Abstract

Deformation along the southern Caribbean coast, as confirmed by the compilation of stress tensors derived from fault-plane kinematic indicators (microtectonics) and further supported by focal mechanism solutions herein presented, results from a compressive strike-slip (transpressional senso lato) regime characterized by a NNW–SSE maximum horizontal stress ( ς H= ς 1) and/or an ENE–WSW minimum ( ς h= ς 3 or ς 2) horizontal stress, which is responsible for present activity and kinematics of six sets of brittle features: east–west right-lateral faults, NW–SE right-lateral faults—synthetic Riedel shears, ENE–WSW to east–west dextral faults—P shears, NNW–SSE normal faults, almost north–south left-lateral faults—antithetic Riedel shears, and ENE–WSW reverse faults—sub-parallel to fold axes and mostly in the subsurface; the latter ones being associated to ENE–WSW-trending folding. In this particular region, the brittle deformation obeys the simple shear model, although not all the deformation can be accounted for it since partitioning is also taking place (regional folding and thrusting is essentially due to the normal-to-structure component of the partitioned maximum horizontal stress). Conversely, the maximum horizontal stress on the Maracaibo block and south of the Oca–Ancón fault progressively turns counter-clockwise to become more east–west-oriented, allowing left- and right-lateral slip along the north–south-striking and NE–SW-striking faults, respectively.

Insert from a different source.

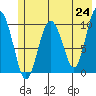 Landlocked Bay tide chart for Monday, May 24, 2021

The orientation and space variation of this regional stress field in western Venezuela results from the superposition of the two major neighboring interplate maximum horizontal stress orientations ( ς H): roughly east–west-trending stress across the Nazca–South America type-B subduction along the pacific coast of Colombia and NNW–SSE-oriented one across the southern Caribbean boundary zone.